__ASSIGNMENT__
Find the line containing "this 1270×952 image.", then print it and each following line through the end of the records, exactly and with nothing added; leave out any pictures.

*** RECORDS FOR THE TASK Section Begins ***

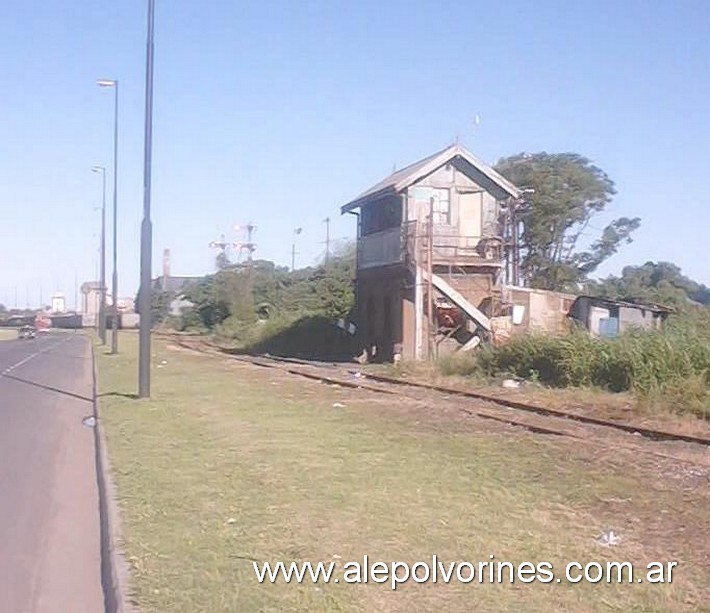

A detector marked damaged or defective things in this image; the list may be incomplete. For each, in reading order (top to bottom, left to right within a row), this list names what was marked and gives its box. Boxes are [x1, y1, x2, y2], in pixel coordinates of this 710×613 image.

rusty rail track [160, 330, 710, 460]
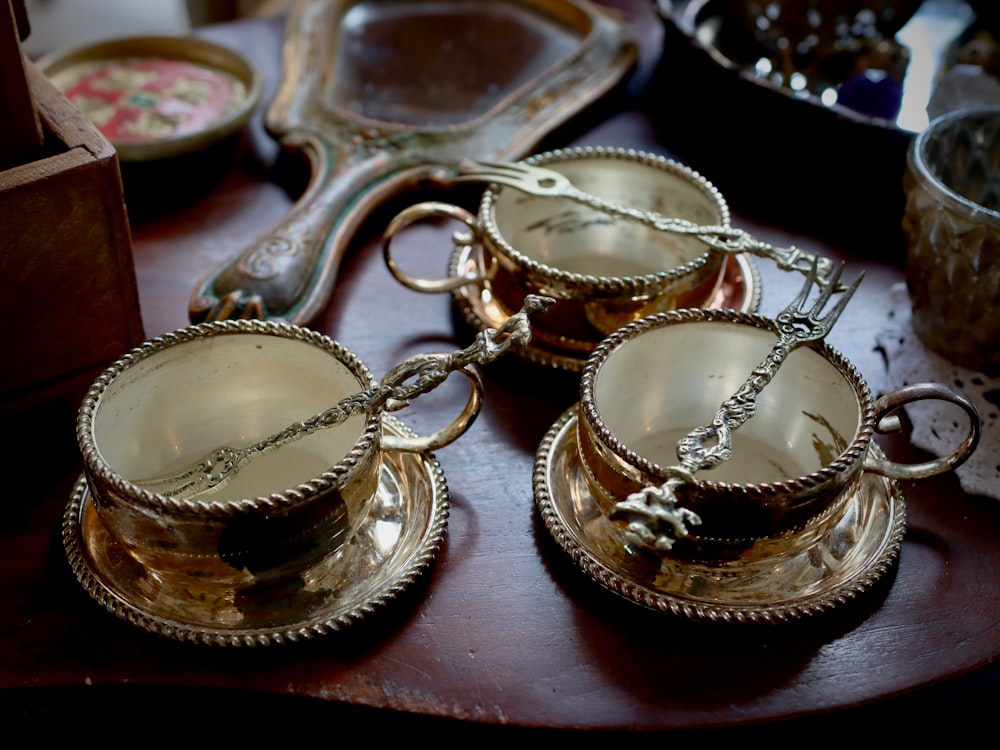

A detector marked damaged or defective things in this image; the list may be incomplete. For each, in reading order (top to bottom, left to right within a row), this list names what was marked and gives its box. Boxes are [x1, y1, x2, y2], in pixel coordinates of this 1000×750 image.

rope-twisted rim [476, 145, 728, 298]
rope-twisted rim [76, 320, 380, 520]
rope-twisted rim [580, 308, 876, 502]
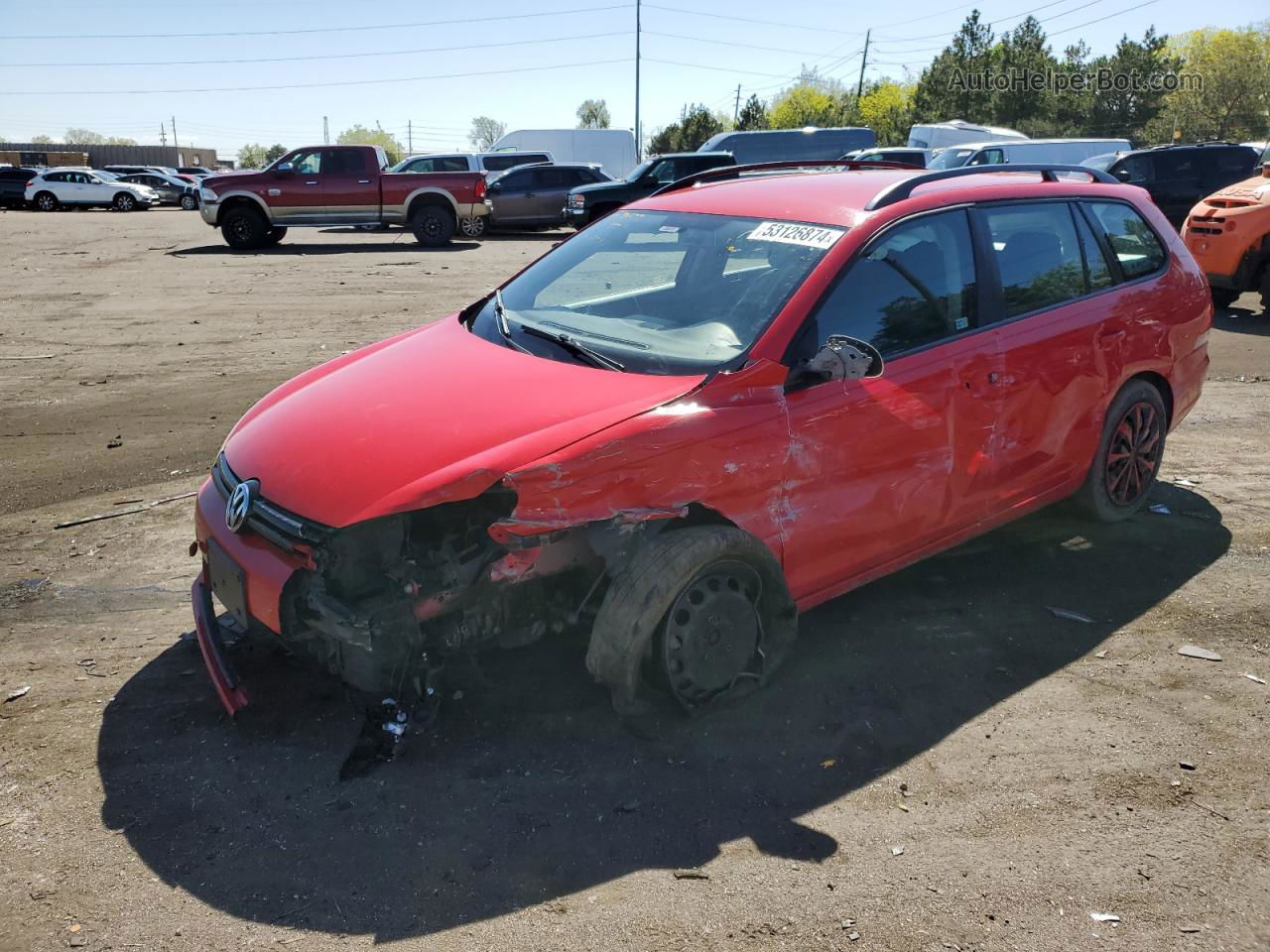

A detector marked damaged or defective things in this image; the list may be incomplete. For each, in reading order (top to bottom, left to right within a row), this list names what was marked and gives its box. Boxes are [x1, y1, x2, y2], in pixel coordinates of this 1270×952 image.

exposed front wheel [219, 206, 269, 250]
exposed front wheel [409, 205, 454, 247]
exposed front wheel [456, 215, 484, 239]
damaged red car [188, 164, 1208, 726]
exposed front wheel [1077, 378, 1163, 523]
exposed front wheel [583, 531, 792, 715]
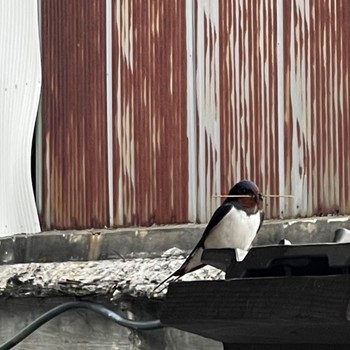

*** RECORDS FOR THE TASK Section Ends ***

__ANSWER SECTION__
A detector marked damaged or defective things in this image; the list may be incomplete. For each, in reading order (top to bottom, left to right within a row), this list names what was marked and gives its box. Boxes are [x1, y1, x2, y2], in pixel coordinates of this 1270×952 image.

exposed front wheel [219, 206, 269, 250]
exposed front wheel [409, 205, 454, 247]
exposed front wheel [456, 215, 484, 239]
damaged red car [188, 164, 1208, 726]
exposed front wheel [1077, 378, 1163, 523]
exposed front wheel [583, 531, 792, 715]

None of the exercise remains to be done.